Real-world feature examples

Fingerprint minutiae

11 minutiae types considered: Ridge ending, Bridge, Crossover, Dot, Bifurcation, Hook, Delta, Enclosure, Core, Island, Pore. Instead of comparing full fingerprints pixel-by-pixel, minutiae-based algorithms extract only these local structural points. This compact representation is highly robust to rotation, distortion, and noise.

Facial landmarks

Eye corners, nose tip, mouth boundaries, jawline intersections. Geometric distances between landmark locations form a compact numerical face representation. This geometric representation is robust against variations in image resolution, illumination conditions, and facial expressions.

Why features instead of full images?

Compact — fewer points than pixels
Stable — repeatable under viewpoint/illumination changes
Discriminative — unique enough to enable matching
Efficient — faster matching and recognition
Robust — works even with partial occlusion

Applications

Object detection

YOLO and CNN-based architectures internally learn feature maps automatically, but conceptually rely on extracting the same stable, informative structures.

Image matching

Panorama stitching, stereo vision, finding corresponding points across multiple images.

Tracking

Track feature points across video frames.

Scene reconstruction

3D structure from motion (SfM) and camera motion estimation.

Biometrics

Fingerprint, face, and iris recognition.

ROI localization

Find regions of interest (ROIs) for further localized processing.

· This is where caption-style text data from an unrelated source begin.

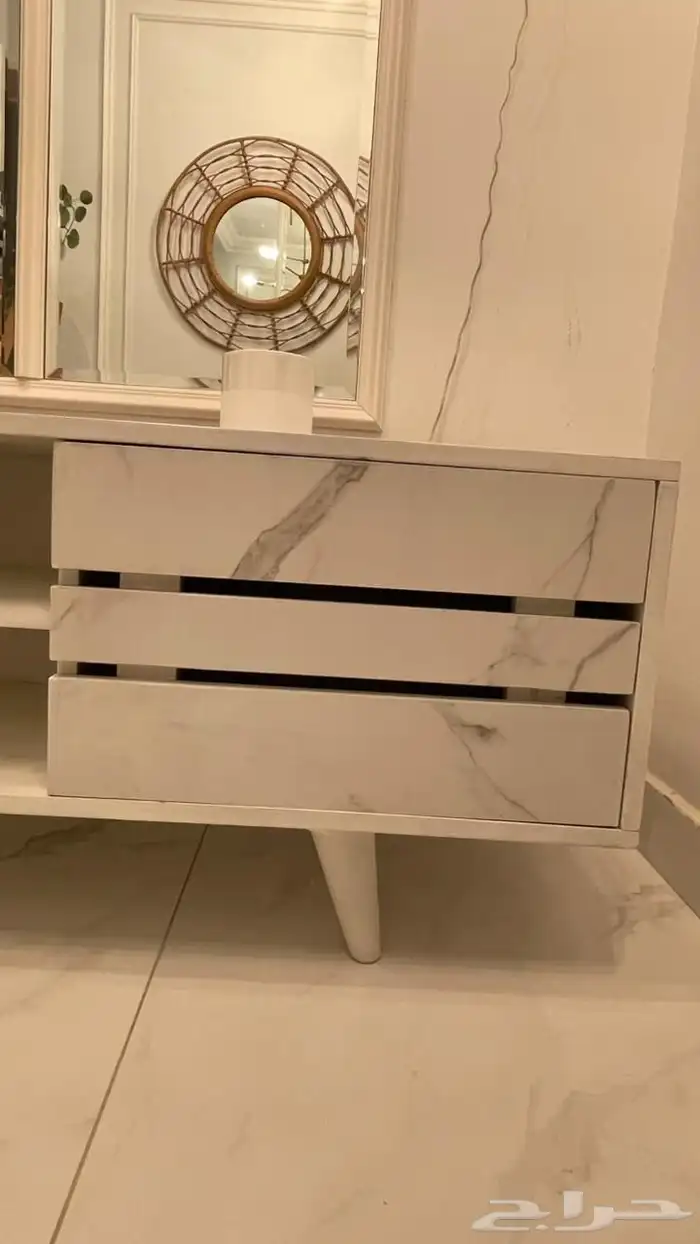 مكتبة تلفزيون 4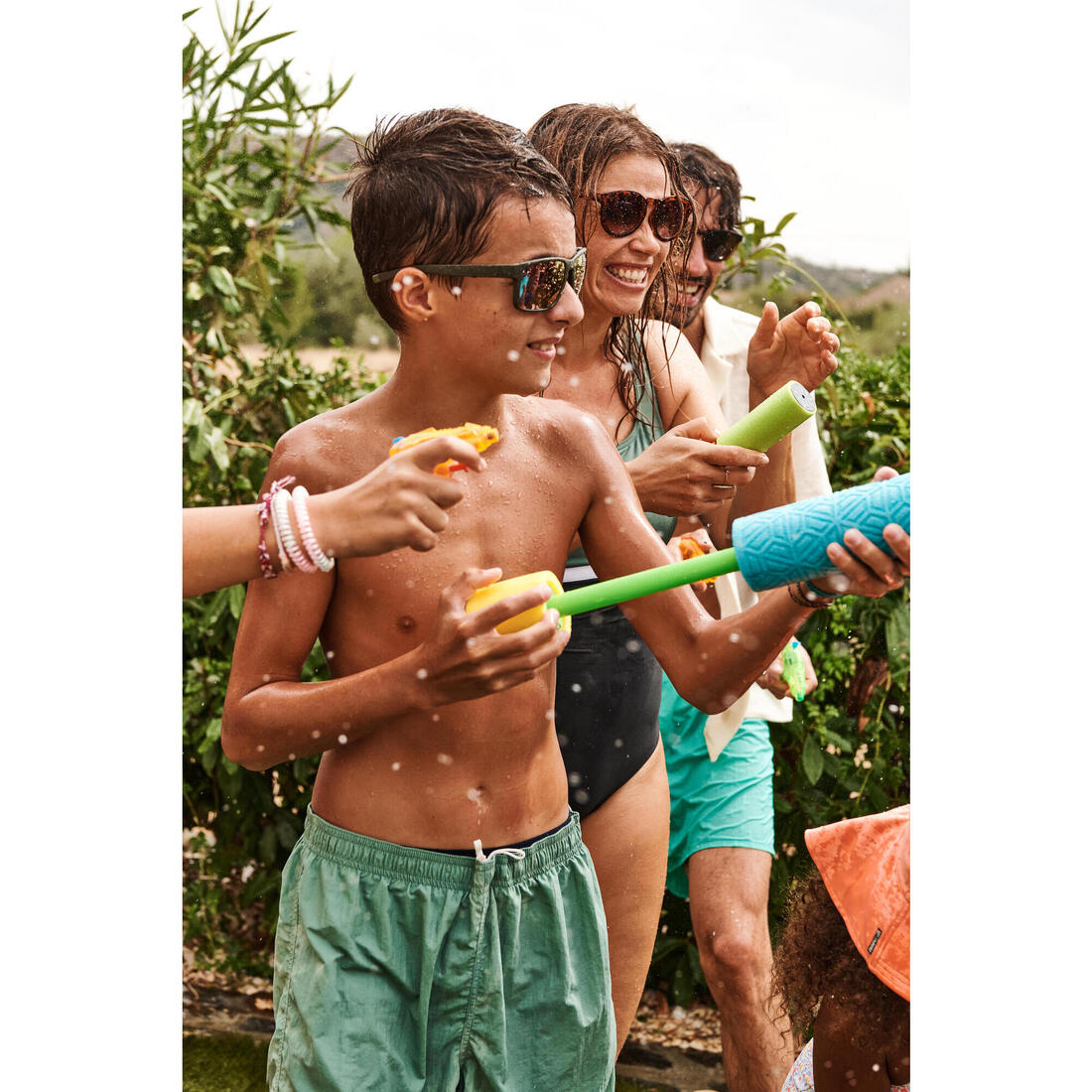 IMG_8976302_10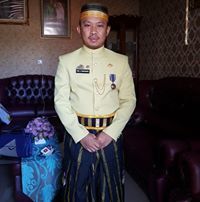 Emil Makkaraeng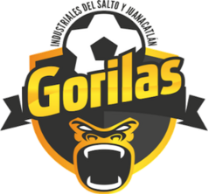 Gorilas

Deep Learning Connection: While classical pipelines manually engineer feature detectors, modern systems like CNNs and YOLO learn features from data. However, they conceptually share the same foundation: extracting stable, repeatable, and scale-robust structures for downstream tasks.

The key insight: shift a window, measure change

If shifting a window in ANY direction causes large intensity change → it's a corner

Place a small window at a pixel. Shift it slightly up, down, left, right. Measure how much the pixel values change (SSD). The type of region determines what you see.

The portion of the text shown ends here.